In this post I want to describe how eccentricity can be a metaphor for missional ecclesiology.
We've already seen a hint of this in Part 2 when we noted how eccentricity can describe the outward-looking orientation of the hospitable community finding God in the stranger. That post in describing this eccentric orientation--facing outward rather than inward--could have served as the sole observation regarding ecclesiology, but I wanted to add one more insight.
Specifically, the idea I have here is the contrast Nathan Kerr makes in his book Christ, History and Apocalyptic: The Politics of Christian Mission. Specifically, we should think of the Kingdom less as a territory (e.g., as a city or polis) than as a mission.
As a sojourning, landless missionary community the Kingdom of God doesn't claim and then defend space over against others in the world. As the old hymn testifies, "this world is not my home, I'm just a passing through."
To be sure, the pilgrim nature of the Kingdom can tend toward the escapist. But the eccentric metaphor can help here by highlighting that the issue isn't escaping from the world but, rather, being radically in the world. The goal isn't to leave the world but to live in the world without boundaries.
The Kingdom doesn't withdraw and hunker down behind bunkers and high walls.

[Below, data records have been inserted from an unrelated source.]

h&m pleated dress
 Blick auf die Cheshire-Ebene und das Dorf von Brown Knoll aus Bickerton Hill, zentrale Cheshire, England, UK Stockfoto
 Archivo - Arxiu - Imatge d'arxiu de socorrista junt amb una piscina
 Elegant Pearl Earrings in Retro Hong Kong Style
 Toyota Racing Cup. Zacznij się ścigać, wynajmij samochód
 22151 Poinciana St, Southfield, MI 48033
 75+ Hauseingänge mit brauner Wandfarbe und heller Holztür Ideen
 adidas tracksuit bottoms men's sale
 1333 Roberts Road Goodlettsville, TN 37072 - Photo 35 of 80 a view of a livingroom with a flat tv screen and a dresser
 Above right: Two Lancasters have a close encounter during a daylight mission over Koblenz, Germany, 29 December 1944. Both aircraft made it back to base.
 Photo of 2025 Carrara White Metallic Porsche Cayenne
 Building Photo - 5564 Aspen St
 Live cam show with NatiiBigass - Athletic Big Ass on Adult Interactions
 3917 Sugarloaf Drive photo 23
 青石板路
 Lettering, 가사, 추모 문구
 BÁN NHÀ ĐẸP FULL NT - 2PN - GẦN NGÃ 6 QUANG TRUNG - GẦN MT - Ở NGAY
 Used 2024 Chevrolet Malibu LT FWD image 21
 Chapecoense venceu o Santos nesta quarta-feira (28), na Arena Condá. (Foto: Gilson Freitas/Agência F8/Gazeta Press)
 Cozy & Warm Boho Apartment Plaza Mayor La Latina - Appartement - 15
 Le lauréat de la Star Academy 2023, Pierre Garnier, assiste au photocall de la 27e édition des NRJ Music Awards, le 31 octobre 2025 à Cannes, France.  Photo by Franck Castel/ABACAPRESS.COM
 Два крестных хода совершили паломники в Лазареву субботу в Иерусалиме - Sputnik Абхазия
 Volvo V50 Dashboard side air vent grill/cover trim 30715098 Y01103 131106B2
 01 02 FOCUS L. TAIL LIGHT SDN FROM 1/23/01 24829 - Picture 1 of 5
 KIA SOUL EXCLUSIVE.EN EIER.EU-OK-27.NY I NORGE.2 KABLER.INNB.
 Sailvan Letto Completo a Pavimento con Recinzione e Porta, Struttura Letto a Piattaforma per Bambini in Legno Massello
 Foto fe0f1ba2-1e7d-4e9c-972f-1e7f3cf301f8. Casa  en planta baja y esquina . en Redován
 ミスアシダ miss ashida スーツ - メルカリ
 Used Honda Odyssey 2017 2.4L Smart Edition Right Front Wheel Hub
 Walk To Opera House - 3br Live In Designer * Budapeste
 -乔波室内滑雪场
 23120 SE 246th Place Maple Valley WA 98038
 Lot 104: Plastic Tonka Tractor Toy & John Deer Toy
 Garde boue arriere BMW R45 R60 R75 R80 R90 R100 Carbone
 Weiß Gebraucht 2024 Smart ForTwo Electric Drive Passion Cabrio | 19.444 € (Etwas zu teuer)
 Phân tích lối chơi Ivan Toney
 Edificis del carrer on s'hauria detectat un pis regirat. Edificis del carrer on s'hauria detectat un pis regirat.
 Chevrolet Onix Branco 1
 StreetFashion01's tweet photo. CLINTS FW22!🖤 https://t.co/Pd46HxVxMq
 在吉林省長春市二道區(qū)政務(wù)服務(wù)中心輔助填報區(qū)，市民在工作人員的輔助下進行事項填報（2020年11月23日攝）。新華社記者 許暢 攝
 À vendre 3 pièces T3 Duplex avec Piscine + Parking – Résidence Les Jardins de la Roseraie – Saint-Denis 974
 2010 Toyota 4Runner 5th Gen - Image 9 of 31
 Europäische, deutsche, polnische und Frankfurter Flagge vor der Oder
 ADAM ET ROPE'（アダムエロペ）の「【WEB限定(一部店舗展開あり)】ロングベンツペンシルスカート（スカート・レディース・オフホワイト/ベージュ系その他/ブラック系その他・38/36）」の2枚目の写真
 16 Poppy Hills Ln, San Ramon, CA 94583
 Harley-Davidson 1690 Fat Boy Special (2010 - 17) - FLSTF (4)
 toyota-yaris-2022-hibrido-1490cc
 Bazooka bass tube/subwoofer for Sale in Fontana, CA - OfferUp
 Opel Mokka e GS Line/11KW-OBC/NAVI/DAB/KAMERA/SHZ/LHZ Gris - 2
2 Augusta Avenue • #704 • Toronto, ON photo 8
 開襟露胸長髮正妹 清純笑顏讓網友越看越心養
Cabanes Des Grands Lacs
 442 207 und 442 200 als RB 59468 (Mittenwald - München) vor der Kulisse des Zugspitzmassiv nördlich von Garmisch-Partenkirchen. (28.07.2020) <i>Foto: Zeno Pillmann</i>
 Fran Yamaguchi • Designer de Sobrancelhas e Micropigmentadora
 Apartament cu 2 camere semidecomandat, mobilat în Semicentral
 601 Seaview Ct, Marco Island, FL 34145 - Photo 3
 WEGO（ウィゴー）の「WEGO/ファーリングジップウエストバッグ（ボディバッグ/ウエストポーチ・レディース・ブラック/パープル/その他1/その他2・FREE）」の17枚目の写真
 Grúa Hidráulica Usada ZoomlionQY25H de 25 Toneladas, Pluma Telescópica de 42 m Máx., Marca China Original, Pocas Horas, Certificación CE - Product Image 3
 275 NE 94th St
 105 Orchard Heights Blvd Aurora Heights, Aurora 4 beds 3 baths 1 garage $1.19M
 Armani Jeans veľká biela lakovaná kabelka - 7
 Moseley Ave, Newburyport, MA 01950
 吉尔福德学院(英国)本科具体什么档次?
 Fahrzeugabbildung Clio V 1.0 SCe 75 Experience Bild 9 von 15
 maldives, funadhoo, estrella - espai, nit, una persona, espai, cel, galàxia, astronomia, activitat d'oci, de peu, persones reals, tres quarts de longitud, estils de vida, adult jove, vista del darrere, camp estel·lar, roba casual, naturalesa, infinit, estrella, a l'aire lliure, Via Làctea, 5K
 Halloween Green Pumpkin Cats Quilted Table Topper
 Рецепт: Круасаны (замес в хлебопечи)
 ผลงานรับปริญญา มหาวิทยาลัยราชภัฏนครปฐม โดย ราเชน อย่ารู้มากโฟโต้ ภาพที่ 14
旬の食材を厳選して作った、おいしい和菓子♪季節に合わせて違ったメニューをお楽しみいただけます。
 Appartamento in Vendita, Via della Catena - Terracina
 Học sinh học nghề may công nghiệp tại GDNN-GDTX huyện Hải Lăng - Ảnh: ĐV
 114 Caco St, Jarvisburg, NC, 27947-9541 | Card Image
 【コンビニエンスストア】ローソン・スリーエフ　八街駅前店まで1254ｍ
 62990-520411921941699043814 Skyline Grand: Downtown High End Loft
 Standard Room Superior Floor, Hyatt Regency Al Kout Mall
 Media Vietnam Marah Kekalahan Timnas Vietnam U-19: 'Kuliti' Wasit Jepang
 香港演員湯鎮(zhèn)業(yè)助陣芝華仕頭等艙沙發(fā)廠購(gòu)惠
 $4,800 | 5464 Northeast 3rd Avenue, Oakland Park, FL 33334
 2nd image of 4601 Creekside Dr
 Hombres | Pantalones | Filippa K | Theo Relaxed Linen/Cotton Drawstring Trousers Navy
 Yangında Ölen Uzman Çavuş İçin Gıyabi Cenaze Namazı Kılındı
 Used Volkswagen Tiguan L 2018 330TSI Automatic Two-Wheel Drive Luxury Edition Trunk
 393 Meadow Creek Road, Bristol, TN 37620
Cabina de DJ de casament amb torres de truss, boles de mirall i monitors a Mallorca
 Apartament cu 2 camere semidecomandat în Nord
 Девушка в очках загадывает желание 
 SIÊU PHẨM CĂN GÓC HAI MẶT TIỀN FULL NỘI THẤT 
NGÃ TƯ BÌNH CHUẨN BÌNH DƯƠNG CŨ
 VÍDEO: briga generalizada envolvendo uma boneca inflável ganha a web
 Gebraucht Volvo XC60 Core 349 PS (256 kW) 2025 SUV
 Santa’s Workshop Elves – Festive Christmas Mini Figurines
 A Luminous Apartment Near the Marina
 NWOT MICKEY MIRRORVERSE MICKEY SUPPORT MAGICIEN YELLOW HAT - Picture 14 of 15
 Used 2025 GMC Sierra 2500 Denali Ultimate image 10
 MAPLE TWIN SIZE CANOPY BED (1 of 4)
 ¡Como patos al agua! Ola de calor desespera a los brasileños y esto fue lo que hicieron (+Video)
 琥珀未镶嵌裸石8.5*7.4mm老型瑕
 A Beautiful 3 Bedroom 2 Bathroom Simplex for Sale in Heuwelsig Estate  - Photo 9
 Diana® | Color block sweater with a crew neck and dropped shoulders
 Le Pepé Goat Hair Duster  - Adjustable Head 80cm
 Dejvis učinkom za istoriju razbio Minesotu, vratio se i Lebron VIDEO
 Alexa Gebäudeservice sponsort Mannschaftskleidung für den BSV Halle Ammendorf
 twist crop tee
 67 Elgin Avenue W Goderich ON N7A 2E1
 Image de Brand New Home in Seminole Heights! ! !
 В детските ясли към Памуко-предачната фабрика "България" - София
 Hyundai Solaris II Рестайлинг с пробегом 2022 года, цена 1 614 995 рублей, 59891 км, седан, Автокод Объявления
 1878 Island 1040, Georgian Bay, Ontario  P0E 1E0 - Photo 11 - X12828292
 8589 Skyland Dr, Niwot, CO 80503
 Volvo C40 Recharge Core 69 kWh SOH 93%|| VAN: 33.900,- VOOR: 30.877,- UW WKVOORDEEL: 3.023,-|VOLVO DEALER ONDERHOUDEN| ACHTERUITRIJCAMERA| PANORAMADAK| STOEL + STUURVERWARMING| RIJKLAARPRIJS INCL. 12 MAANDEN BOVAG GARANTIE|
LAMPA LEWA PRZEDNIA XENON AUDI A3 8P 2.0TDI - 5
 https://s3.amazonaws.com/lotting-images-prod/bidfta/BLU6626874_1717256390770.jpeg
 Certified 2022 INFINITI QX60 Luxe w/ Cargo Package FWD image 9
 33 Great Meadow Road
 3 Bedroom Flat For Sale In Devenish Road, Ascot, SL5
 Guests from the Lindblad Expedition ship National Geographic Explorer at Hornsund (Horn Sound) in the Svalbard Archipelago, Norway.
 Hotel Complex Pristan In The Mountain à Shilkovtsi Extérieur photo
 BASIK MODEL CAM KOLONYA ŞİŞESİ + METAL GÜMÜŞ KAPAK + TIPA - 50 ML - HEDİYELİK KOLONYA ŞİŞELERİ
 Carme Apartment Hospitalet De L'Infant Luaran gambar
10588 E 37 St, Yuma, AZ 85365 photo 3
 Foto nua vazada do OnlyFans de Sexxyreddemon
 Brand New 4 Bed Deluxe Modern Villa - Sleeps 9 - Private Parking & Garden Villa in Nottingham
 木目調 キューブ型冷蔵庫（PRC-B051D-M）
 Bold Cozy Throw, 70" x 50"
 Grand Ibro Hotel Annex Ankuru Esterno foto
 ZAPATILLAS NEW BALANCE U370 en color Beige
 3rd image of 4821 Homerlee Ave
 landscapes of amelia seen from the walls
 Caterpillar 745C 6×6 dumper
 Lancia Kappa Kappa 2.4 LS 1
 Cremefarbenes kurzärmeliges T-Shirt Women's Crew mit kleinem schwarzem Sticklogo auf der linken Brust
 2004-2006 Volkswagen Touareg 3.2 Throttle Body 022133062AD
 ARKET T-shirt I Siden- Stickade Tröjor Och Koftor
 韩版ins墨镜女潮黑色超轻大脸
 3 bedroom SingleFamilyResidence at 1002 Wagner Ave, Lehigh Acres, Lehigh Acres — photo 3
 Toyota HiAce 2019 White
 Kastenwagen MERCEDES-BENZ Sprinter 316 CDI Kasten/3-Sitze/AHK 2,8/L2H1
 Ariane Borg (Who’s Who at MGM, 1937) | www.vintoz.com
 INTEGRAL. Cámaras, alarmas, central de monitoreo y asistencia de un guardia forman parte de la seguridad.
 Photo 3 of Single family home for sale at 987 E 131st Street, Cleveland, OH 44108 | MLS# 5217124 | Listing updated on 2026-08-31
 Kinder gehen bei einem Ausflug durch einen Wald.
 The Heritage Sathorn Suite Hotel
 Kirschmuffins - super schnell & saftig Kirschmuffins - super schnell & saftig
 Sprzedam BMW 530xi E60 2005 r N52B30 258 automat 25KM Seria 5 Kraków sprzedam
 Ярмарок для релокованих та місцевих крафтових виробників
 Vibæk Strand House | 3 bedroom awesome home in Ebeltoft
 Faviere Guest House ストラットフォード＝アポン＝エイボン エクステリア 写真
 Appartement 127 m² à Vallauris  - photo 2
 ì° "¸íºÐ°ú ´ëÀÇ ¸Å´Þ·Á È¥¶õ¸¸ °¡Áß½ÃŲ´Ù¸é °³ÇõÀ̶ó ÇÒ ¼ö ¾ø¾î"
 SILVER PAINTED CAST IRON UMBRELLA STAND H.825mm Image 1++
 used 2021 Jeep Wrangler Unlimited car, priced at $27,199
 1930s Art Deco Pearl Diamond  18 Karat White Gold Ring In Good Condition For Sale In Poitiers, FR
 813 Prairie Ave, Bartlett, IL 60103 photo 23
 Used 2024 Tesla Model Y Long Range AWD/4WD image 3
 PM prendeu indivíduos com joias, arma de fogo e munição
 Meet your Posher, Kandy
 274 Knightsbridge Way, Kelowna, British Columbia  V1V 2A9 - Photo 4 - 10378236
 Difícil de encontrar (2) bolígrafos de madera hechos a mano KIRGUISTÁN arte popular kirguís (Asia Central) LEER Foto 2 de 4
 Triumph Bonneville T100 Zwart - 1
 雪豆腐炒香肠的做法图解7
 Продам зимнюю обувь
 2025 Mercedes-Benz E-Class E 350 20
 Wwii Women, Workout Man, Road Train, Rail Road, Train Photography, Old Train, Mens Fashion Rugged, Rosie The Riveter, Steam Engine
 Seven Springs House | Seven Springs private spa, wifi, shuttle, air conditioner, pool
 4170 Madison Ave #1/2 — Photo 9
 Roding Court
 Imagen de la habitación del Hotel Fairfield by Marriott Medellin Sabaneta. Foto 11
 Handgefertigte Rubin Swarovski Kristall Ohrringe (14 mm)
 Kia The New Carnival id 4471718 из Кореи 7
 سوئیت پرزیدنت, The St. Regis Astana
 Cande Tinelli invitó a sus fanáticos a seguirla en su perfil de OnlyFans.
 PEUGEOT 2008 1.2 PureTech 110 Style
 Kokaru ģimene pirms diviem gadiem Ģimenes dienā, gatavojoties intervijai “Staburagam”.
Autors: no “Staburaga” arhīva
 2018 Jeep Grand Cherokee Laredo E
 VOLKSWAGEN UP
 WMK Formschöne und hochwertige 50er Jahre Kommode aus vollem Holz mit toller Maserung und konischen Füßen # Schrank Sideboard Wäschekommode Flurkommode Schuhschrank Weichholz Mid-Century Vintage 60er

Rather, the faith community is sent into the world as salt and light. Not of the world, but very much in the world. The separation between the Kingdom and the world isn't a boundary but one of vocation and calling.
As my ACU colleague Randy Harris has remarked, perhaps the only good thing that came out of the wars in Iraq and Afghanistan is that the word "embedded," where journalists were described as being embedded among the combat troops, became a common word. Because the word embedded is a perfect word to describe the relationship between the church and the world.
The eccentric Kingdom doesn't claim territory over against the world. The eccentric Kingdom doesn't erect walls to create a gated community. Rather, the eccentric Kingdom, like salt and leaven, is embedded in the world.
The eccentric Kingdom is the embedded, pilgrim, landless, possessionless, homeless, sojourning, itinerant missionary community called and commissioned to live lives of radical service and availability to the world.